16GB Corsair Vengeance DDR4-2666
256GB Corsair Neutron Series XT SSD (system)
1TB Seagate External USB HDD (game/bench files)
Integrated Audio
Integrated Network
Relevant Software: 
Windows 10 Pro x64 (16299.248)
NVIDIA GeForce Drivers v390.77

Benchmarks Used:
Unigine 2 Superposition 1.0
3DMark "Fire Strike"
3DMark "Time Spy"
Futuremark VRMark
Rise Of The Tomb Raider
Middle-Earth: Shadow Of Mordor
Hitman 2016
Tom Clancy's Ghost Recon: Wildlands

Here you will see just how the ASUS and Zotac GTX 1070 Ti custom cooled variants perform in relation to each other and NVIDIA's homegrown original GTX 1070. For this we use both synthetic benchmarks and an array of DX11, DX12 and VR game titles. Then its onto overclocking performance and power consumption before wrapping things up.

Unigine Superposition
Pseudo-DirectX / OpenGL Gaming

Superposition is a relatively new benchmark from Unigine, powered by the UNIGINE 2 Engine. It offers an array of benchmark modes, targeting gaming workloads as well as VR, with both DirectX and OpenGL code paths. There is an extreme hardware stability test built-in as well. Unigine Superposition uses the developer’s unique SSRTGI (Screen-Space Ray-Traced Global Illumination) dynamic lighting technology, along with high quality textures and models, to produce some stunning visuals. We ran Superposition in two modes using the DirectX code path – 1080p Extreme and VR Maximum -- to compare the performance of all graphics cards featured here.

unigine superposition
Unigine Superposition

superposition 1080p2

superposition 1080p score2

Both Zotac and ASUS put up great numbers here in our intial test run pulling away from the 1070 FE model by 4-5%. There is very little difference between the two custom cards in terms of performance. However, Zotac does take the official win.
superposition vr2

superposition vr score

Here in our first VR test, the results are much the same.
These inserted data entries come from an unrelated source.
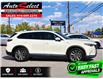 2021 Mazda CX-9 100th Anniversary Edition (Stk: 2TV97L1) in Scarborough - Image 3 of 35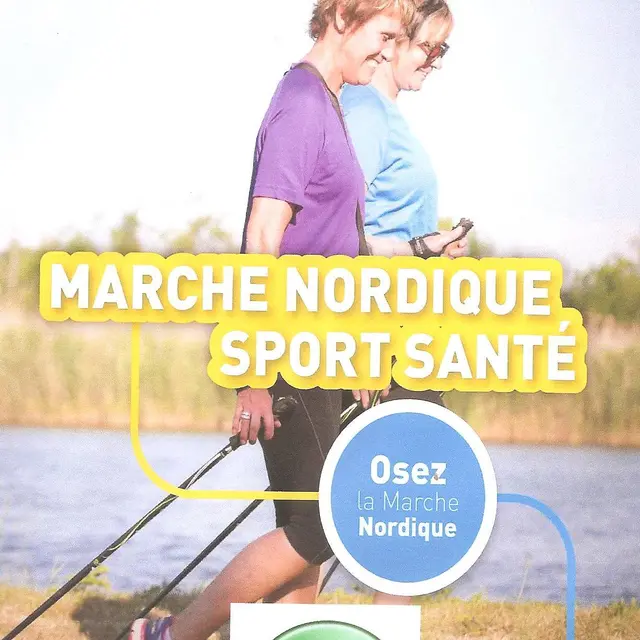 marche nordique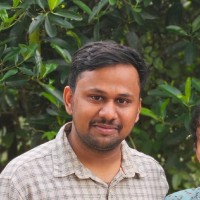 Ashish K Jose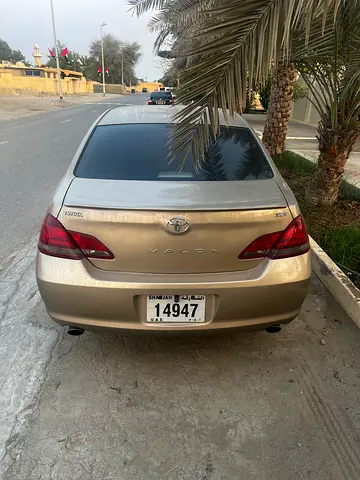 صورة 1 لـ 2009 Toyota AVALON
We see both custom variants outpacing the GTX 1070 Founder Edition. Yet the cards again show very similar performance against each other, with Zotac eeking out another close win.

Futuremark VRMark
Testing Rift And Vive Readiness

Futuremark’s VRMark is designed to test a PC’s readiness for the HTC Vive and Oculus Rift virtual reality headsets. The benchmark does not, however, require that one of the headsets is attached to the PC and it uses an in-house graphics engine and content to ensure comparable results between different platforms. We ran the "Orange Room" VRMark test at defaults settings here.

vr mark thumb
Futuremark VRMark

VRMark frames
VRMark score

It's more of the same here with Zotac taking a near 15% lead over the base 1070 FE. What this test also shows is that these custom GPUs make formidable VR solutions for gamers.